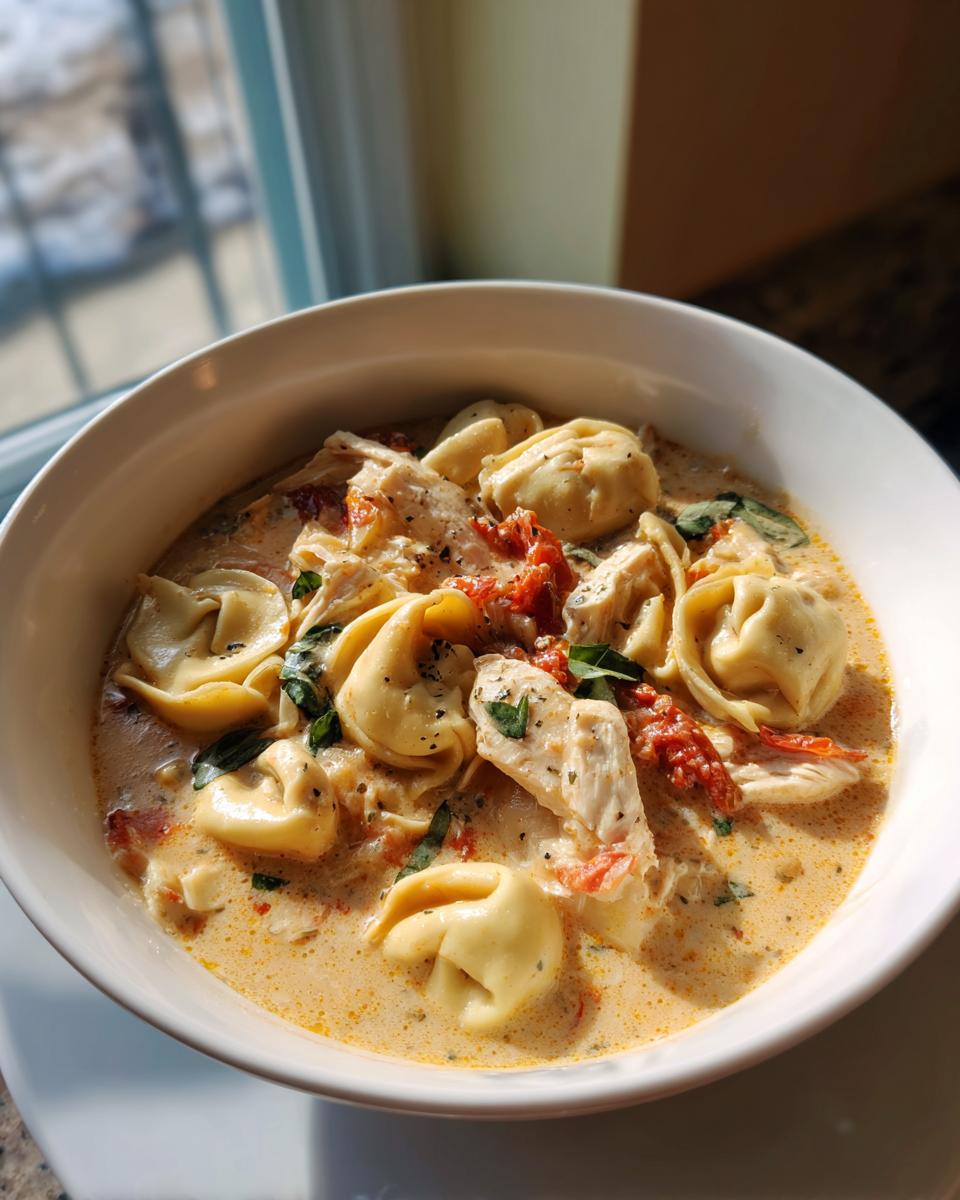 A close-up of a white bowl filled with creamy Marry Me Chicken Tortellini Soup, featuring tortellini, chicken, and sun-dried tomatoes.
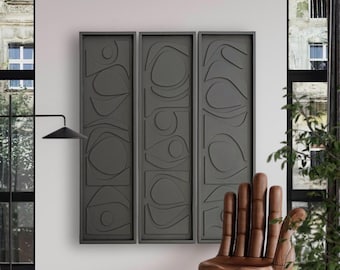 Vertical Wood Wall Art Long Set of 3 Panels with Geometric Abstract 3d Pattern, Black Wood Wall Sculpture, Minimalist Wall Art Set
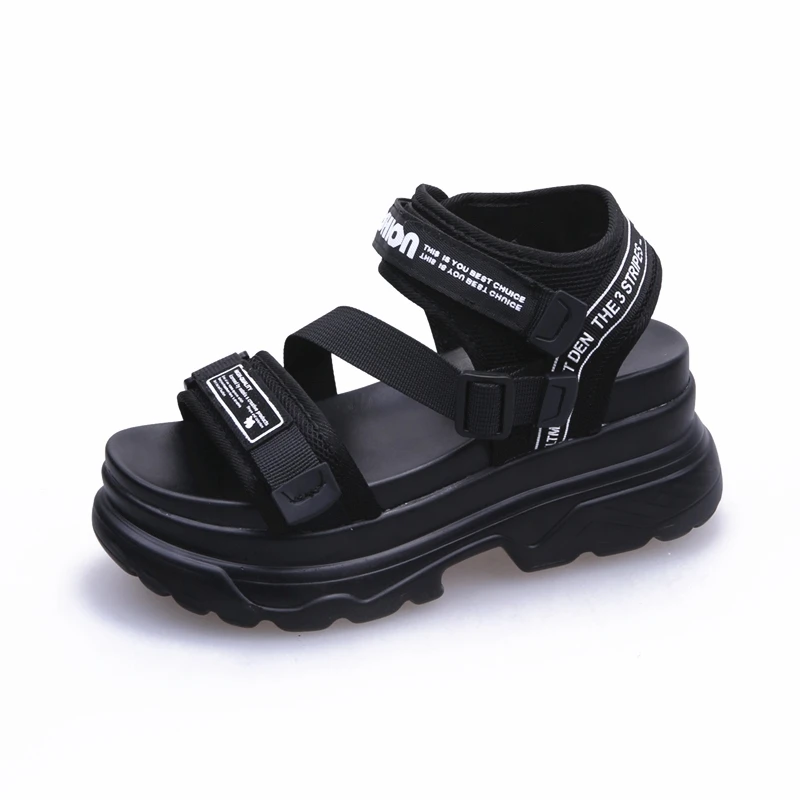 Женские босоножки летние туфли на толстой подошве Цвет черный белый обувь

^^^^^^^^^^^^^^^^

● TASK ITEM
An exact copy of all the data above is required; omit any pictures.

● YOUR SOLUTION
 A close-up of a white bowl filled with creamy Marry Me Chicken Tortellini Soup, featuring tortellini, chicken, and sun-dried tomatoes.
 Vertical Wood Wall Art Long Set of 3 Panels with Geometric Abstract 3d Pattern, Black Wood Wall Sculpture, Minimalist Wall Art Set
 Женские босоножки летние туфли на толстой подошве Цвет черный белый обувь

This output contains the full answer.